[Brief descriptive captions]

____

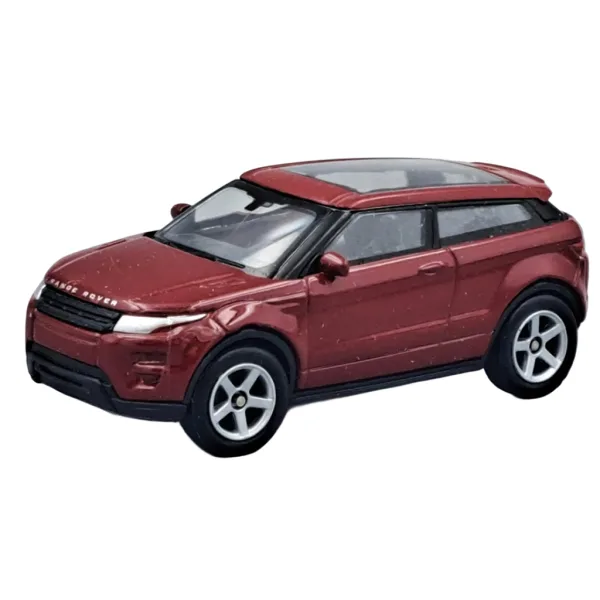 Welly: Modello di auto in metallo Land Rover Evoque bordeaux in scala 1/64 immagine 2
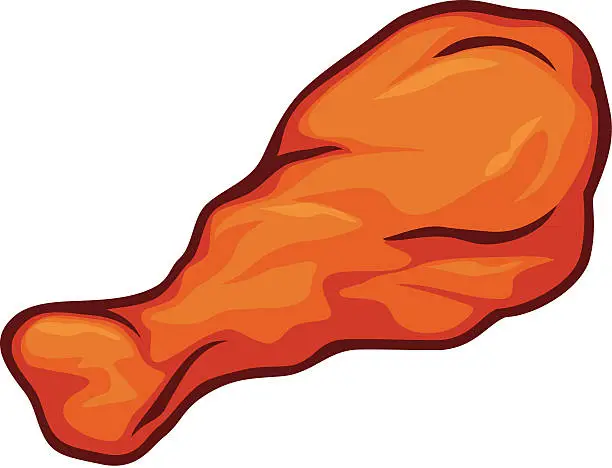 Vector illustration of Fried chicken legs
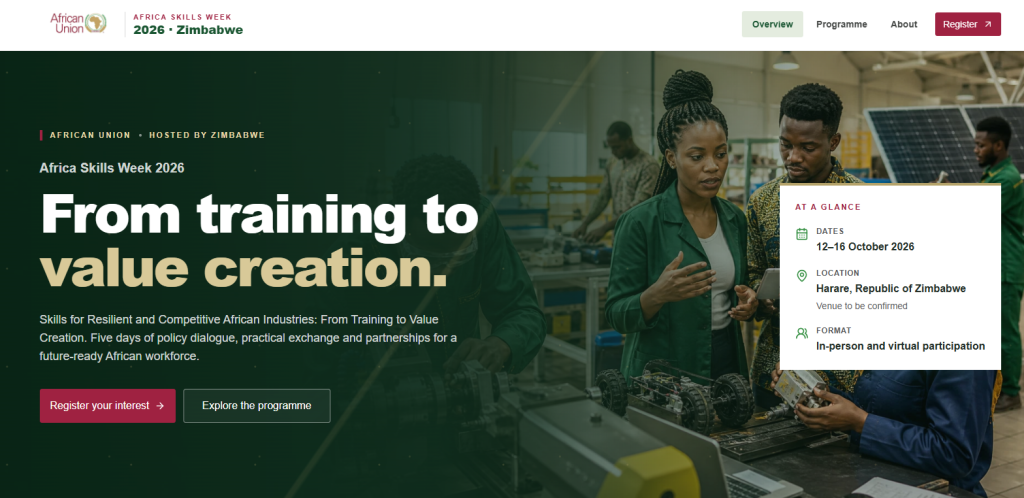 Africa Skills Week registration opens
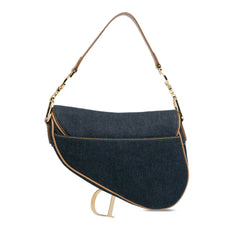 Medium Denim Saddle Bag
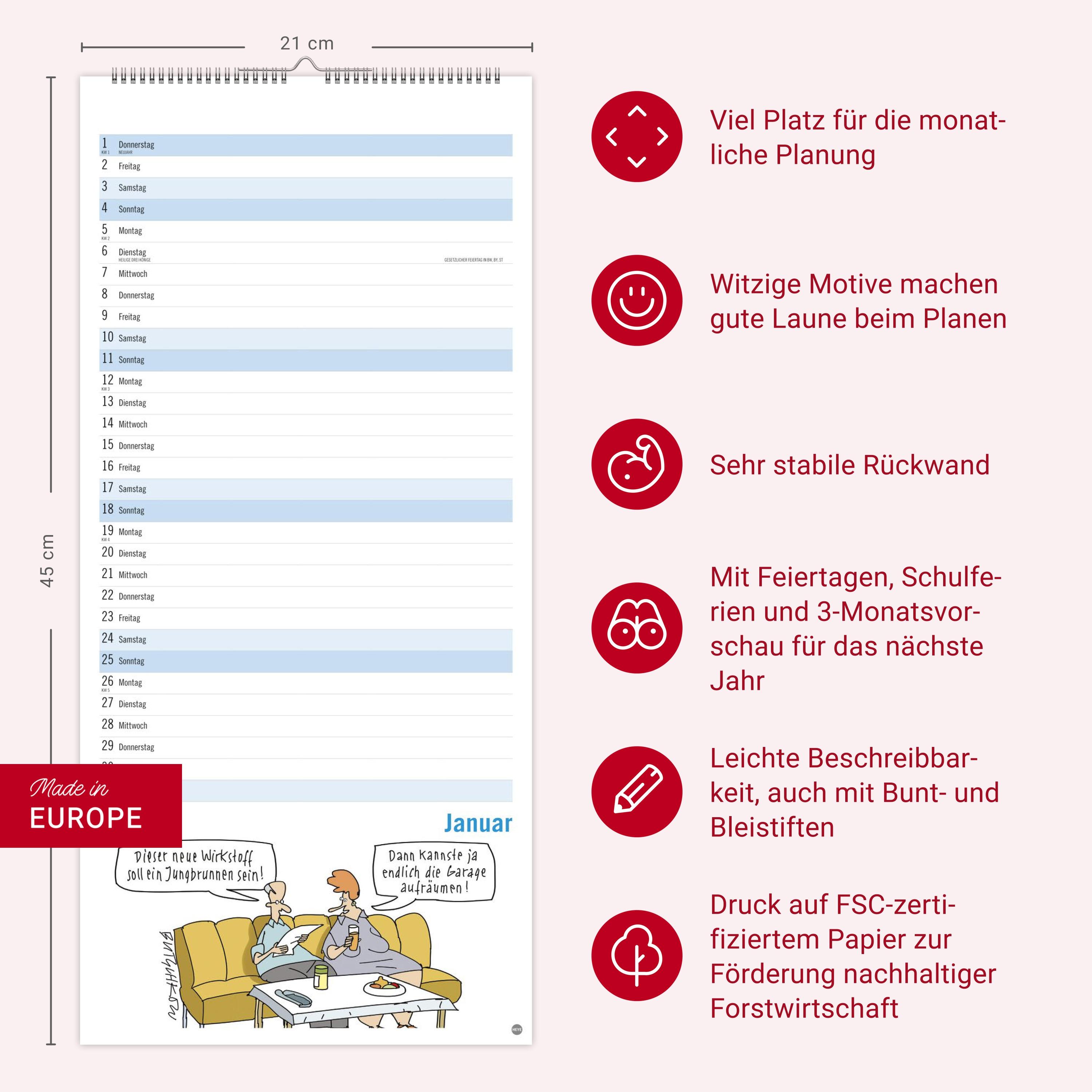 Beispielinhalt (Bild) Peter Butschkow: Fröhlicher Unruhestand Planer 2026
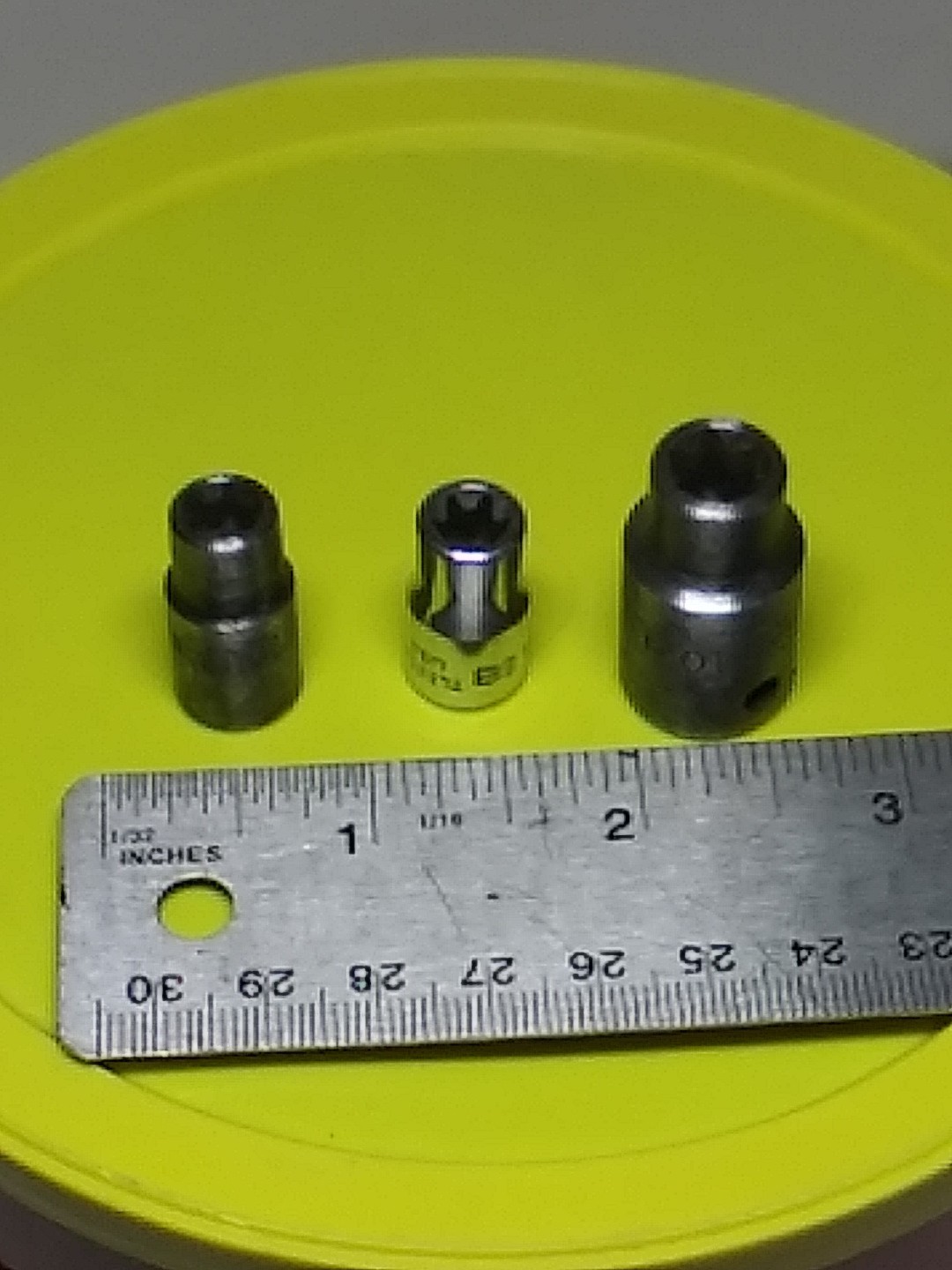 Mac/snap-on tools Inverted/reverse torx 3pc Mixed lot used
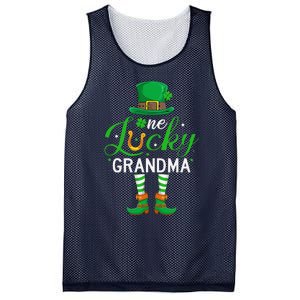 Grandma St PatrickS Day Matching Family One Lucky Grandma Mesh Reversible Basketball Jersey Tank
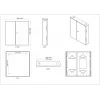 GETFORT GF-FO-PSNW-24SX Caja de distribución de fibra óptica, 12 fibras, SC/LC, montaje en pared, gris claro
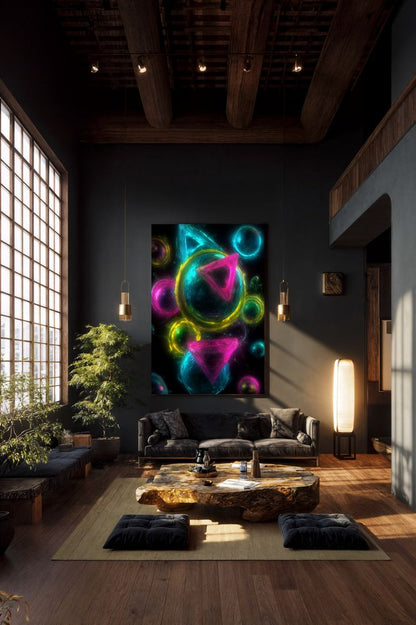 Art Print Abstract Lab AI - Fluid Inferno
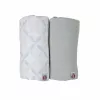 Lodger Swadler Solid Matcha muselina de algodón, Peppermint/Blue Fogg, 110x110 cm, pack de 2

____

DIRECTIONS FOR THIS TASK => The full text of the data above, exact and without pictures, is what to return.

RESPONSE TO THIS EXERCISE =>
 Welly: Modello di auto in metallo Land Rover Evoque bordeaux in scala 1/64 immagine 2
 Vector illustration of Fried chicken legs
 Africa Skills Week registration opens
 Medium Denim Saddle Bag
 Beispielinhalt (Bild) Peter Butschkow: Fröhlicher Unruhestand Planer 2026
 Mac/snap-on tools Inverted/reverse torx 3pc Mixed lot used
 Grandma St PatrickS Day Matching Family One Lucky Grandma Mesh Reversible Basketball Jersey Tank
 GETFORT GF-FO-PSNW-24SX Caja de distribución de fibra óptica, 12 fibras, SC/LC, montaje en pared, gris claro
 Art Print Abstract Lab AI - Fluid Inferno
 Lodger Swadler Solid Matcha muselina de algodón, Peppermint/Blue Fogg, 110x110 cm, pack de 2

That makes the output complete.